* **Task description**:
Find the line containing "Suede sneakers", then return it and every line after it through the end of the records, exactly. Leave out pictures.

* **Provided records**:
★ ★ ★ ★ ★ ★ ★

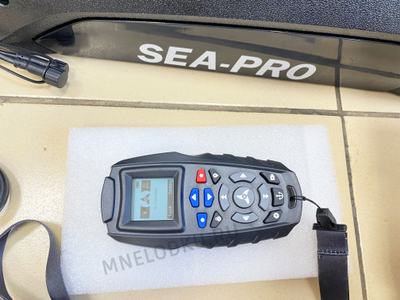Носовой электромотор SEA-PRO 65L GPS черный ОПТИМА пульт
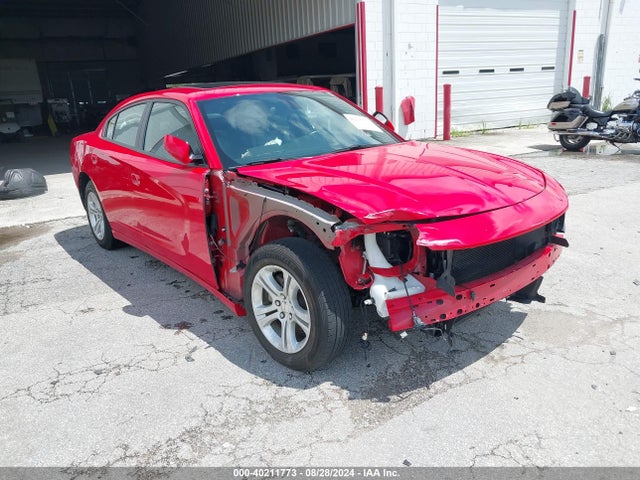 Dodge Charger Sxt Rwd 2022 2C3CDXBG2NH212863 Image 1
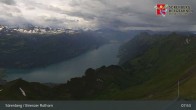 Archiv Foto Webcam Gipfel Rothorn 07:00
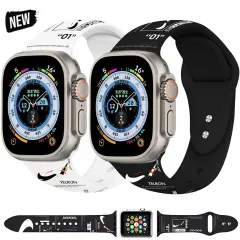 Apple Watchバンド42/44/45/49mmシリコーンのサムネイル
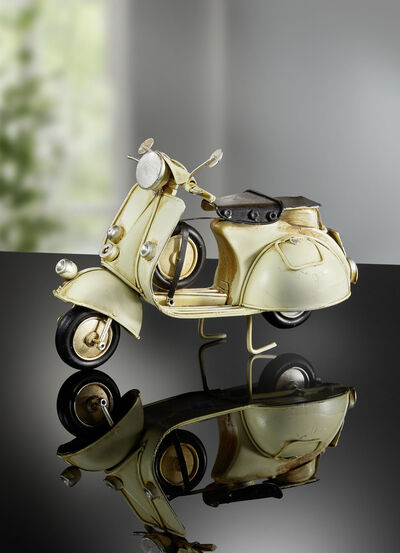 Vespa aus Metall - 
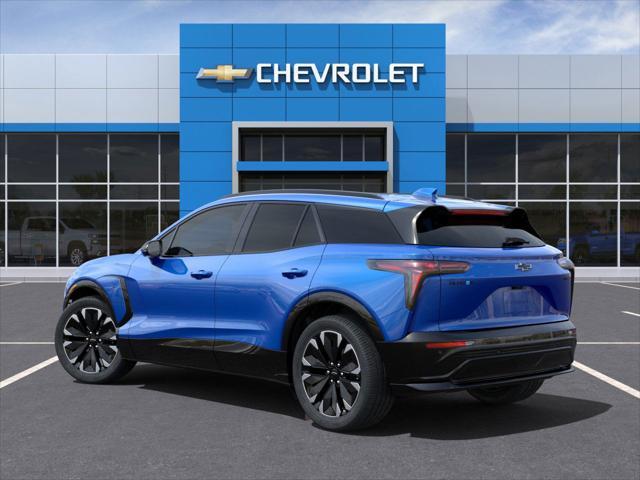 new 2025 Chevrolet Blazer EV car, priced at $58,735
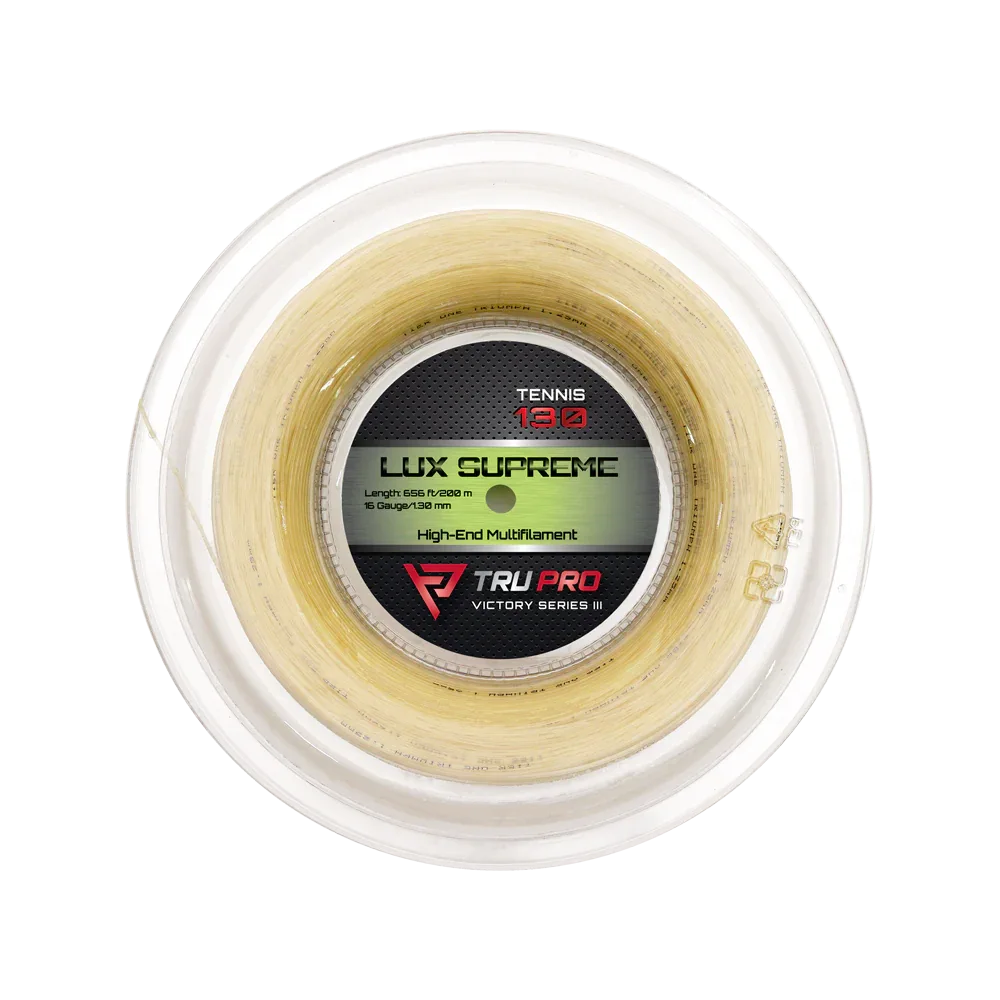 Tru Pro (Tier One) Lux Supreme - Bespannservice.de - Frank Gayer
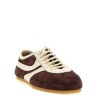 Suede sneakers
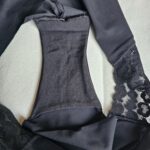 Thumbnail for culotte cheeky avec bande de dentelle. Aerie.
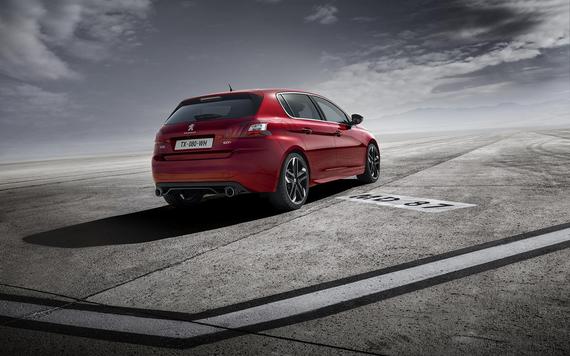 标致官方发布全新308 GTi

★ ★ ★ ★ ★ ★ ★

* **The answer**:
 Suede sneakers
 Thumbnail for culotte cheeky avec bande de dentelle. Aerie.
 标致官方发布全新308 GTi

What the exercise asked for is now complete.